As a tax-paying entity, the C corporation must pay taxes on its taxable income prior to making dividend distributions to stockholders. It is allowed to issue more than one type of stock and can have any number of stockholders.
As a separate legal entity, the corporation's finances and records are established and maintained completely separate and distinct from the finances and records of the stockholders. Through a resolution adopted at a stockholders meeting held in accordance with the bylaws of the corporation, one or more officers or employees of the corporation are authorized to conduct business on behalf of the corporation. The resolution typically includes an authorization within specified limits to borrow and repay funds as needed for business operations. Credit arrangements are made in the name of the corporation with loan document signatures by the authorized person or persons after the lender has received a certified copy of the authorizing resolution. If the corporation is newly formed, small (has few assets), or has a limited record of credit use, it's likely that a lender will require personal guarantees by one or more officers or stockholders before approving a credit application from the corporation. If personal guarantees are given, the signer(s) usually have unlimited liability for the debts of the corporation.

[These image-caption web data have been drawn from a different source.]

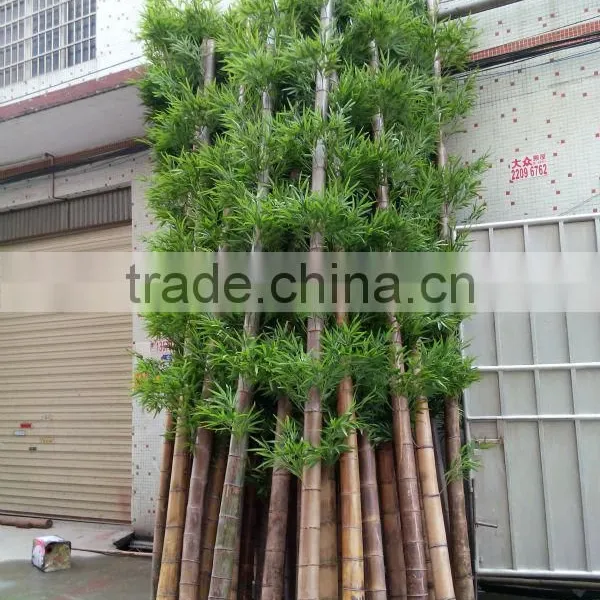 SJ030936 Bamboo Ornamental Plants Artificial Plant Artificial Bamboo Products photo-6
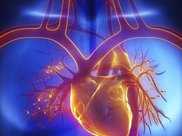 心臟堵塞會危及生命！心血管專家告訴您：這樣判斷心臟堵沒堵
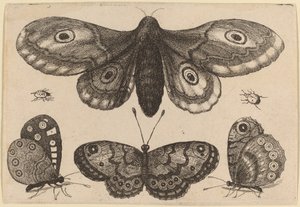 Moth, Three Butterflies, and Two Beetles by Wenceslaus Hollar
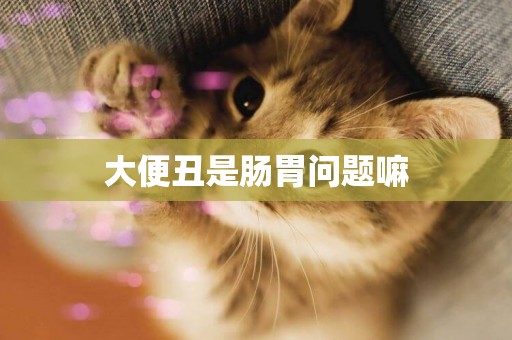 大便丑是腸胃問題嘛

The Corporate Charter includes information on the purpose(s) for which the corporation is organized and the life of the corporation. (A corporation often has perpetual life.) Bylaws of the Corporation are the "rules" for conducting the organizational life of the corporation.
Moderate legal costs are incurred in setting up a C corporation, and annual costs are incurred for stockholders meetings, tax return preparations, and preparing other yearly reports and summaries as needed for management and desired by stockholders. Public notice of the formation and continued operation of a corporation is required and is accomplished through filings with the Secretary of State's Office.
Advantages of the C Corporation:
Creation of the corporate shield that, in the absence of personal guarantees, limits the liability of stockholders to their capital investment in the corporation and the usefulness for estate planning purposes of the corporate form of business organization are frequently cited advantages of forming a C corporation. Other advantages include:
- The perpetual life of the corporation makes possible its continuation, and the relatively undisturbed continued operation of your business, despite the incapacity or death of one or more stockholders.
- Fractional ownership interests are easily accommodated in the initial offering of stock.
- The purchase, sale, and gifting of stock make possible changes in ownership without disturbing the corporation's ability to conduct business.
- The required separation of finances and records for the corporation reduces the risk of unrecognized equity liquidations.
- To the extent the corporate shield is maintained and other investments and savings of the stockholders are not at risk, the personal life of stockholders is simplified.
- The annual meetings of stockholders and consultations with legal counsel can provide stimulus for improved communication with the stockholder group (usually a family group) and can provide more comprehensive guidance for management.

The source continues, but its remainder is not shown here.